» Task description
The answer must consist only of the lines in the records below from the line with "Chin Augmentation before 565891" to the line with "Injuries • Open", both included, copied word for word with every picture left out.

Collection entries
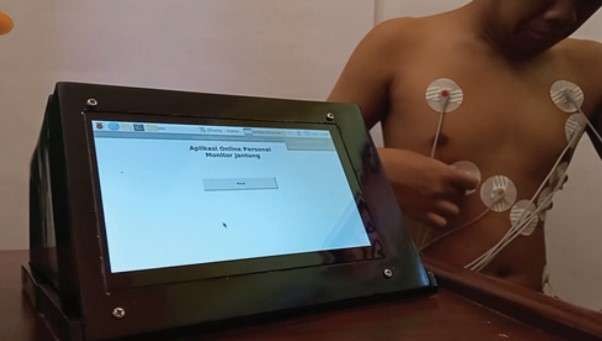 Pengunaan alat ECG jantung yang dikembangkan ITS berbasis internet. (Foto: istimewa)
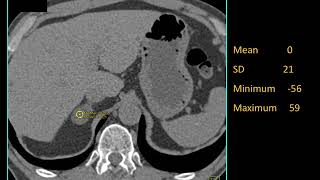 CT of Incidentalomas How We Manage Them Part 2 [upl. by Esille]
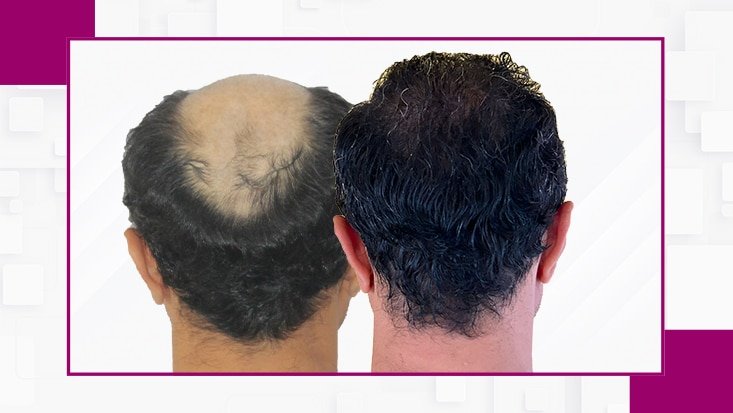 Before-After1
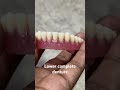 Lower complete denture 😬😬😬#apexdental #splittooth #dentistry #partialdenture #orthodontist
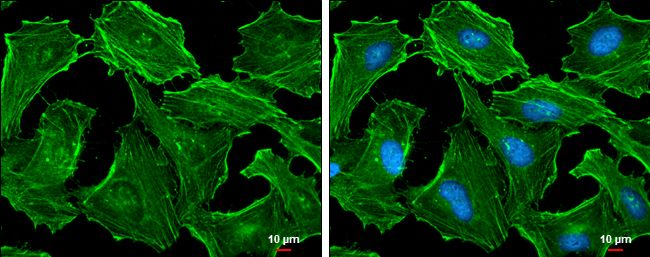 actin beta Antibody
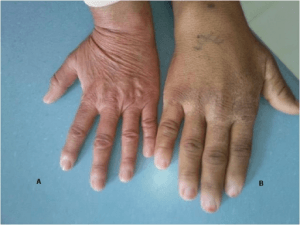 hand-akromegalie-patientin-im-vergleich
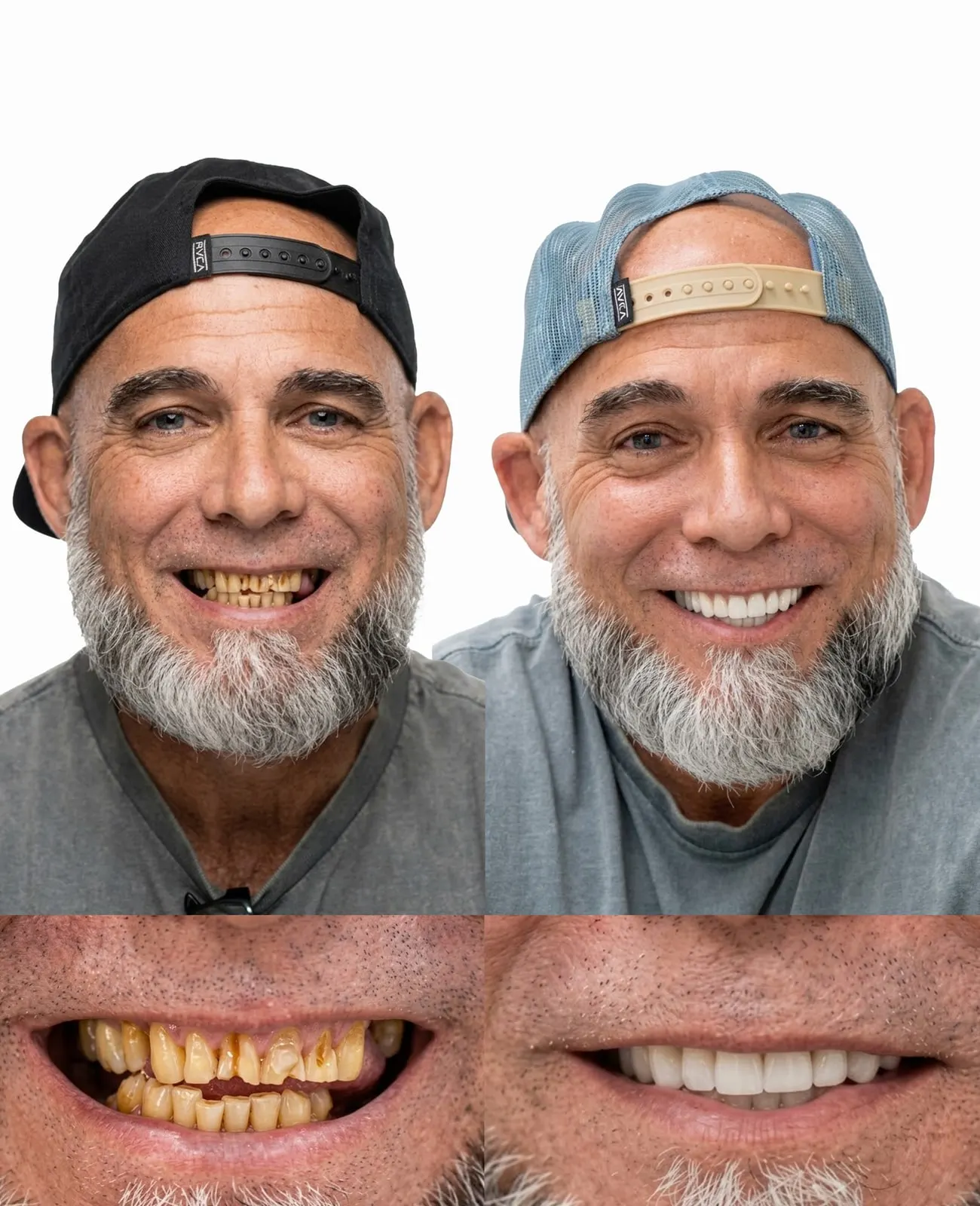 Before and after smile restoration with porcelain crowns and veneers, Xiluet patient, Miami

--

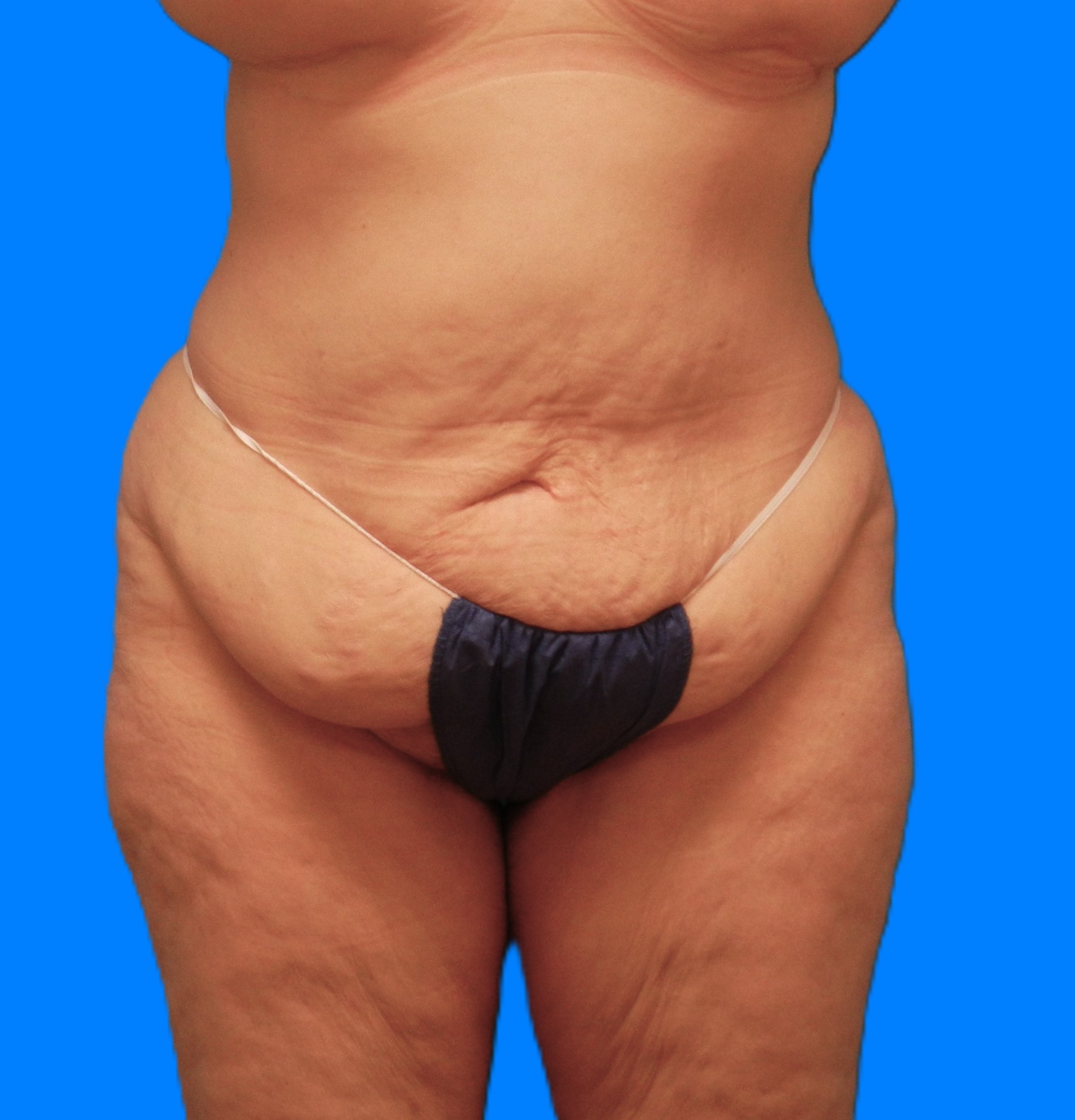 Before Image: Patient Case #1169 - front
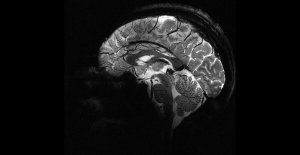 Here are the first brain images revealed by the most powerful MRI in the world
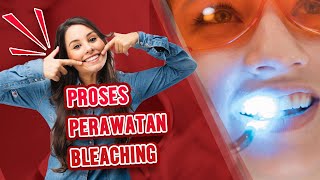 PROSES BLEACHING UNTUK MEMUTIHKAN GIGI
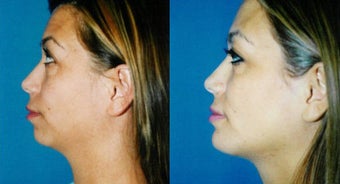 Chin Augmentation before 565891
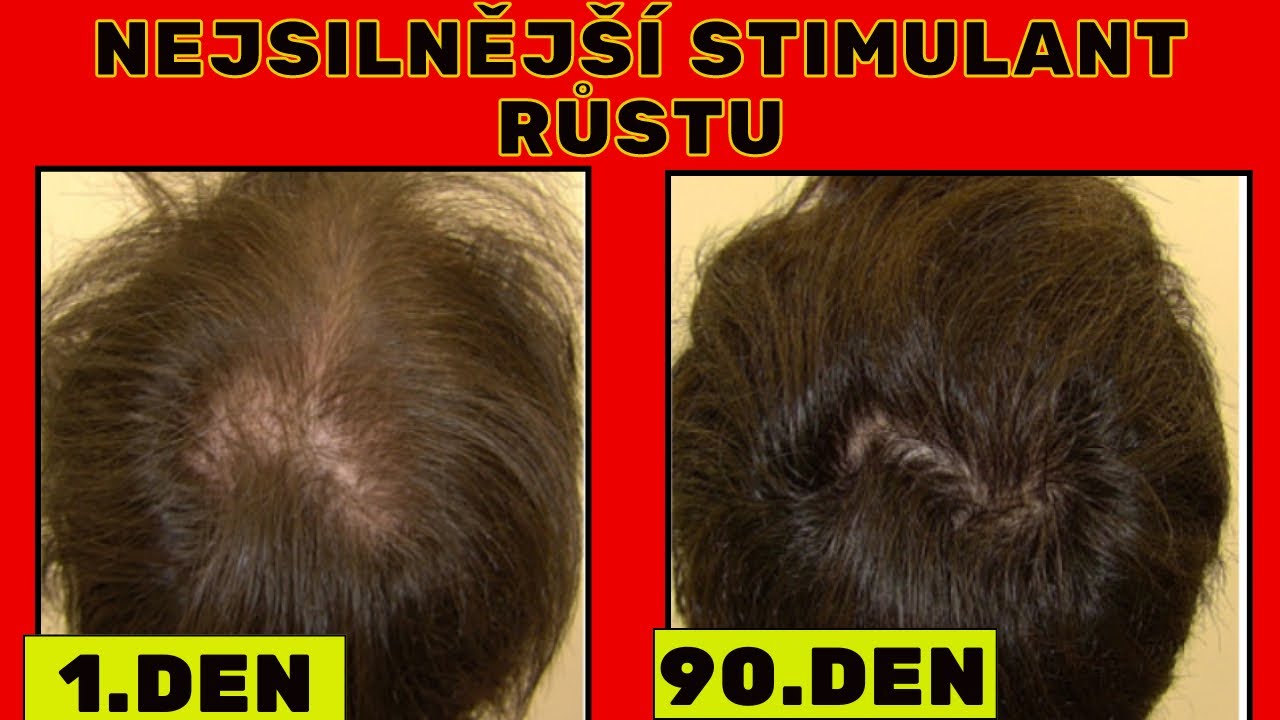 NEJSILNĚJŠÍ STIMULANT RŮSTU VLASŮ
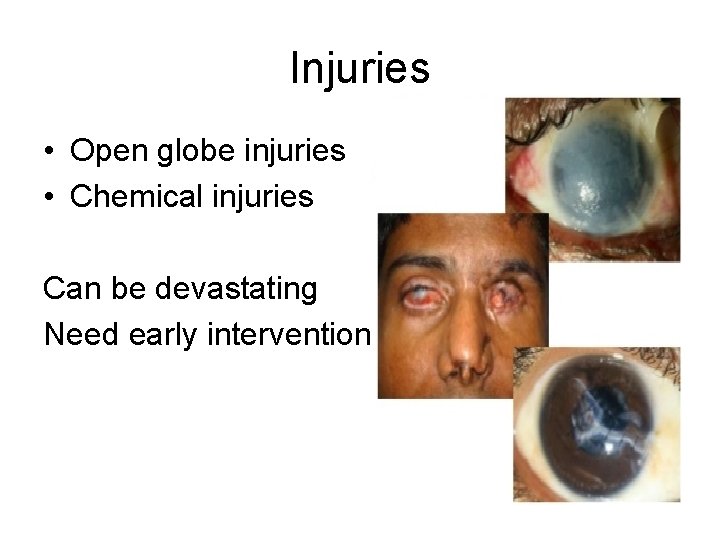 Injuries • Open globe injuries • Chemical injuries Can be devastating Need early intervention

==

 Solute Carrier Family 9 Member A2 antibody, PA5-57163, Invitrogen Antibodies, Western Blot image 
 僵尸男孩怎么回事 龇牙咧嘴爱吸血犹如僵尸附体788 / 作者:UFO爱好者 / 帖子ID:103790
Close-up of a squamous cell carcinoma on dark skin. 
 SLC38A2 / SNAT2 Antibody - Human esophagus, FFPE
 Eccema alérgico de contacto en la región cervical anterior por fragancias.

» Response to the exercise
 Chin Augmentation before 565891
 NEJSILNĚJŠÍ STIMULANT RŮSTU VLASŮ
 Injuries • Open globe injuries • Chemical injuries Can be devastating Need early intervention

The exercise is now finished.